Fix: Time-bound PROCESSING status:
-- Detect stuck PROCESSING keys (job runs every minute)
SELECT idempotency_key
FROM idempotency_keys
WHERE status = 'PROCESSING'
AND created_at < NOW() - INTERVAL '2 minutes';
-- For each stuck key: check gateway for actual status
-- If gateway has charge: mark COMPLETED with gateway result
-- If gateway has no charge: mark FAILED, safe to retry
Text-Based Architecture Diagram
Idempotent Payment Flow:
Mobile Client
│
│ POST /payments
│ Idempotency-Key: idem_abc123
▼
API Gateway (rate limiting, auth)
│
▼
Payment Service
│
├─[1]─► Redis: GET idem:idem_abc123
│ │
│ ├── Cache hit → Return cached response (END)
│ └── Cache miss → continue
│
├─[2]─► PostgreSQL: INSERT INTO idempotency_keys
│ │
│ ├── DuplicateKeyException → Fetch + return stored result (END)
│ └── Insert success → continue (exclusive processing)
│
├─[3]─► Payment Gateway (Stripe/Braintree)
│ with gateway idempotency key
│ │
│ ├── Success: charge_id=ch_xyz
│ └── Failure: error code + message
│
├─[4]─► PostgreSQL: UPDATE idempotency_keys SET status='COMPLETED'
│ + INSERT INTO payments
│ (single transaction)
│
└─[5]─► Redis: SET idem:idem_abc123 = response (TTL=24h)
└── Return response to client
Monitoring and Observability
@Component
public class PaymentMetrics {
private final Counter duplicatePaymentAttempts;
private final Counter stuckProcessingKeys;
public PaymentMetrics(MeterRegistry registry) {
this.duplicatePaymentAttempts = Counter.builder("payments.duplicate_attempts")

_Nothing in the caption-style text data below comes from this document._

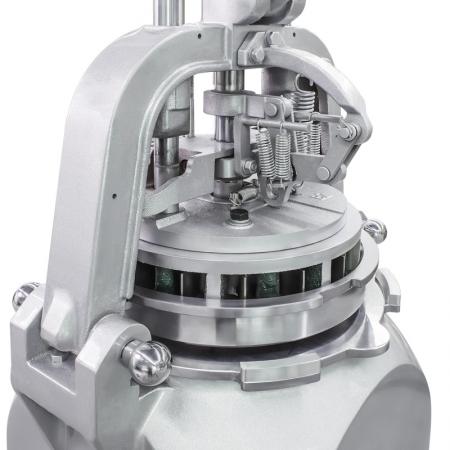 Dough Divider and Rounder,Semi-Automatic Bread Dough Ball Making Machine,16 26 30 36 cuts dough divider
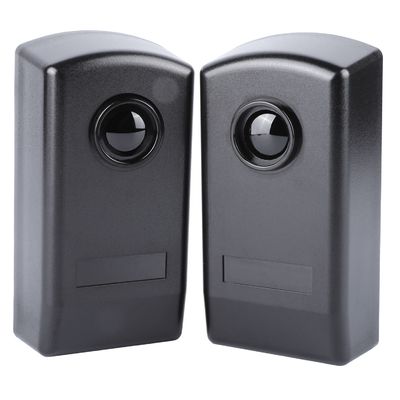 comprar Max 500mA E 48VAC/DC IR-20 Sensor de haz infrarrojo para la seguridad de puertas de barrera 20m Detección IP65 Impermeable CE/FCC certificado Fabricación en línea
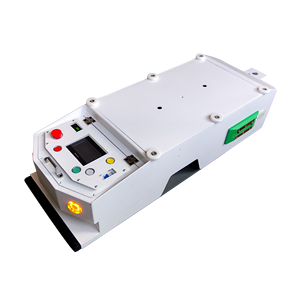 Robot <span class=keywords><strong>AGV</strong></span> remolcado de tracción trasera al acecho autónomo de carga MDBOT 300KG para transporte de fábrica - Product Image 2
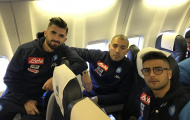 Lợi dụng thời cơ, Napoli quyết gây áp lực cho Juventus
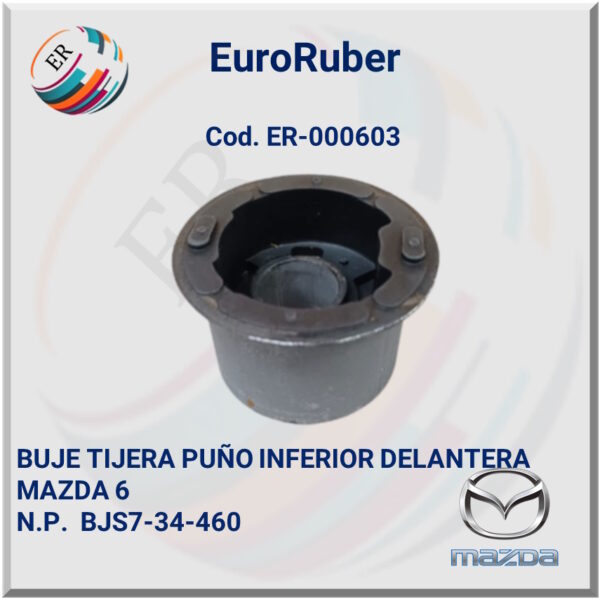 BUJE TIJERA PUÑO INFERIOR DELANTERA MAZDA 6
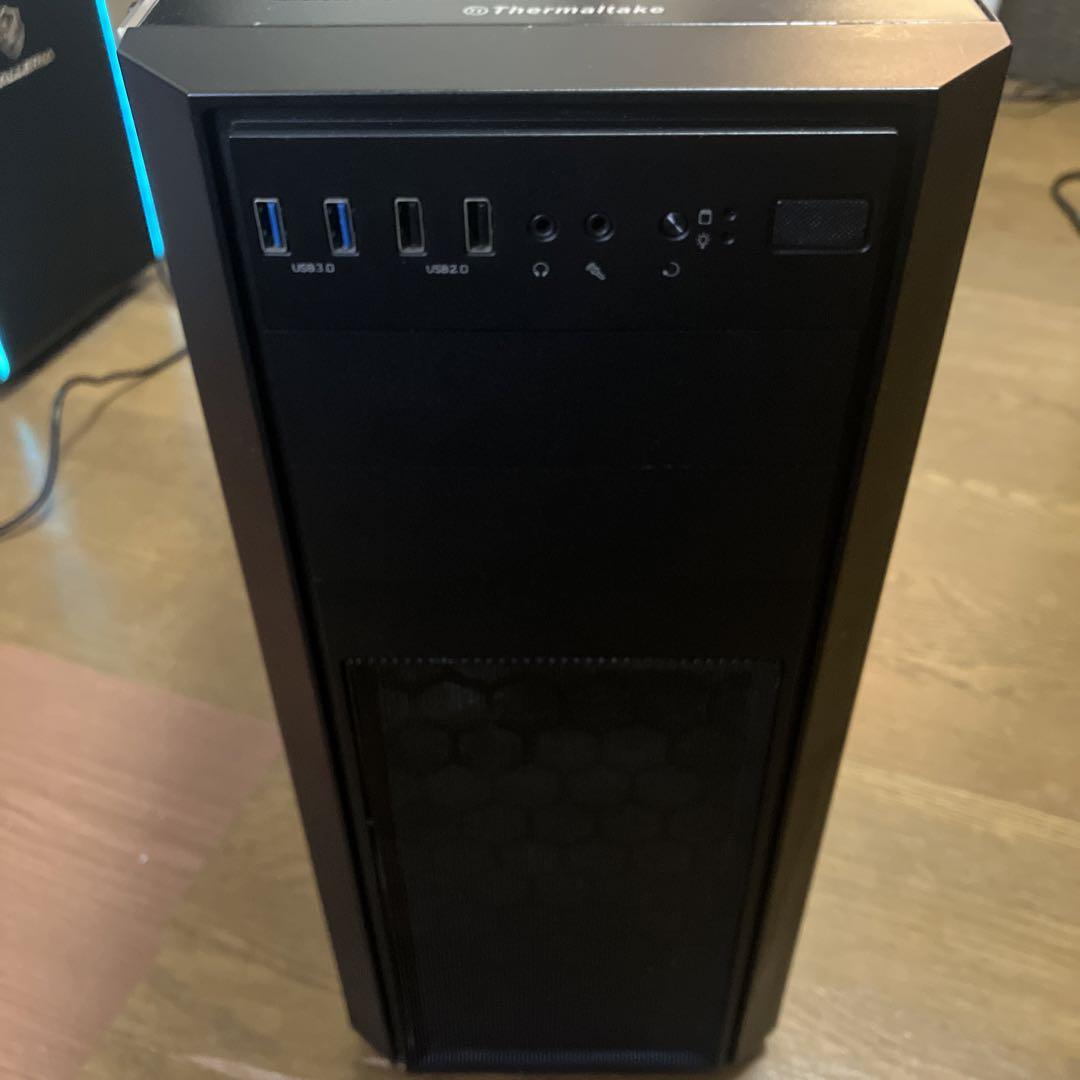 デスクトップpc GTX1050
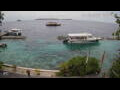 Webcam Huvahendhoo (Atollo di Ari)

.description("Idempotency key reuse count")
.register(registry);
this.stuckProcessingKeys = Counter.builder("payments.stuck_processing_keys")
.description("Payments stuck in PROCESSING status")
.register(registry);
}
}
Key metrics to alert on:
payments.duplicate_attempts > 100/min— possible retry storm in progresspayments.stuck_processing_keys > 0— service crashes or network partitions happeningpayments.gateway_idempotency_conflict > 0— gateway received same key with different amount (client bug)- P99 latency of idempotency key lookup > 50ms — database under pressure
Real Production Incident
Context: Fintech platform, 50,000 payments/day, Spring Boot + PostgreSQL.
Incident: Black Friday sale. Payment volume spiked 10×. Our payment gateway (external) was slow — 8-second response times vs normal 800ms. Our API timeout was 10 seconds. Result: 80% of payment requests timed out client-side at the 10-second mark. All clients retried immediately with the same idempotency keys.
The retry storm overwhelmed the gateway. The gateway rate-limited us. More timeouts. More retries. A feedback loop.
What saved us: Idempotency keys in our database. Despite the chaos, every payment was processed exactly once. Clients that got timeouts eventually got responses on retry — the response was pulled from our idempotency store rather than charging the card again.
What hurt us: 70% of our API capacity was consumed by duplicate requests hitting the idempotency cache. Our P99 API latency hit 15 seconds for legitimate new payments.
Post-incident fixes:
- Redis cache for idempotency hot path — duplicate requests now cost 0.5ms instead of 5ms database lookup
- Separate thread pool for idempotency lookups vs new payment processing
- Exponential backoff enforced server-side: 429 Too Many Requests with
Retry-Afterheader - Gateway circuit breaker: open after 20% of requests exceed 5 seconds
Lessons Learned in Production
1. Idempotency is not optional. It is a core payment system requirement, not an edge case handler. Build it in from day one, not after your first duplicate charge incident.
2. Client-side idempotency keys must be generated before the first attempt. Generate the key before calling the API, persist it locally, use the same key on retries. Don't generate a new key on retry — that defeats the purpose.
3. Your gateway must support idempotency keys too. A payment service that is idempotent but calls a gateway that isn't still causes double charges. Validate your gateway's idempotency behavior explicitly.
4. PROCESSING status must be time-bounded with a recovery job. A payment stuck in PROCESSING indefinitely blocks the customer's ability to retry. This is as bad as a double charge from a UX perspective.
5. Separate idempotency check latency from payment processing latency in your metrics. Cache hits should be sub-millisecond. If your idempotency P99 is growing, you have either a traffic spike or an index problem — both need different responses.